Fault Detection based on neuro-fuzzy and mathematical models applied to a solar inverter

  • Raquelita Torres Federal University of ABC, Santo André-SP
  • Damien Olazabal Federal University of ABC, Santo André-SP
  • Alain Segundo Federal University of ABC, Santo André-SP
Keywords: Fault detection, neuro-fuzzy models, fuzzy thresholds, Artificial Intelligence, state-space equations, state observers, photovoltaic systems


This paper presents an implementation of a fault detection scheme based on the identification of neuro-fuzzy models of a photovoltaic system in the AC conversion circuit. Fast fault detection implies the ability to perform preventive rather than corrective maintenance, which represents a benefit in the economical, material and environmental fields.
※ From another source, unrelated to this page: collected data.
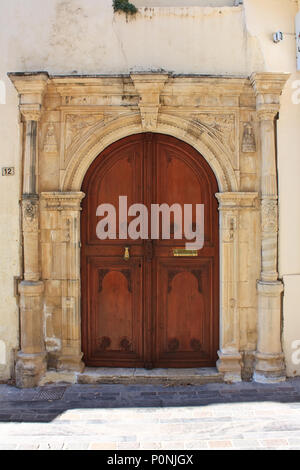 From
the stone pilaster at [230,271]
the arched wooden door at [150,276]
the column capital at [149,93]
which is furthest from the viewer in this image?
the arched wooden door at [150,276]

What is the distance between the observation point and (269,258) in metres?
4.61

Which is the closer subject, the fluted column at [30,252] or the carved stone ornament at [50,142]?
the fluted column at [30,252]

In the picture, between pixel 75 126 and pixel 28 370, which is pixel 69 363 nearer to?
pixel 28 370

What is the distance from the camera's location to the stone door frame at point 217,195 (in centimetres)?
457

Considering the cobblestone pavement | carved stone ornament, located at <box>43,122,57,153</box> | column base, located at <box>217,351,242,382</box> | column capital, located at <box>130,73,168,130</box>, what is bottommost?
the cobblestone pavement

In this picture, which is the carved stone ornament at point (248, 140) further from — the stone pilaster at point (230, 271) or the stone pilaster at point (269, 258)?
the stone pilaster at point (230, 271)

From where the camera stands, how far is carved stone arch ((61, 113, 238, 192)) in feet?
15.3

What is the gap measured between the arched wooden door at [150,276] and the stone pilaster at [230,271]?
146mm

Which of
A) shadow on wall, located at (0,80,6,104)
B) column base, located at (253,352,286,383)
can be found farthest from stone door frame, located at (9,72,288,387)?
shadow on wall, located at (0,80,6,104)

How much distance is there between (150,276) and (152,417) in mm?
1585

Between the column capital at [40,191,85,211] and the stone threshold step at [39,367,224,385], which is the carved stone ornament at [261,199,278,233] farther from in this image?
the column capital at [40,191,85,211]

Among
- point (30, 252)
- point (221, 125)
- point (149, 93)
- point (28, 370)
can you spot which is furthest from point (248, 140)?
point (28, 370)

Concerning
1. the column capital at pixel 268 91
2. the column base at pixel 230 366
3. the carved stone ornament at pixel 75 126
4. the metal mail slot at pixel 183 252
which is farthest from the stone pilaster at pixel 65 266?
the column capital at pixel 268 91

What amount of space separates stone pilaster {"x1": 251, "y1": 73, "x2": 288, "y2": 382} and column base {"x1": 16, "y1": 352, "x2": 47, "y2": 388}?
8.26 feet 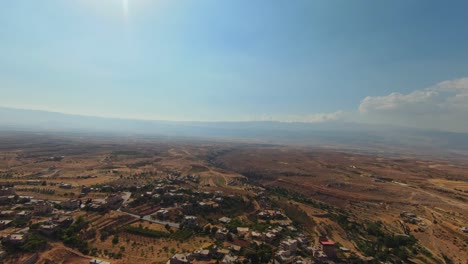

Therefore, a method based on fuzzy logic with fuzzy residuals is proposed for the correct and fast detection of different types of faults. A residual evaluation is performed and a decision is made to what kind of threshold for robust fault detection is better. The results obtained show the good performance of the proposed scheme, where the detection system demonstrates its robustness to different faults. The proposed method is compared with traditional methods like mathematical model based on state-space equations and detection methods like Unknown Input Observers (UIO). The methods were applied into a real solar inverter and the results obtained were similar and as good as in simulations.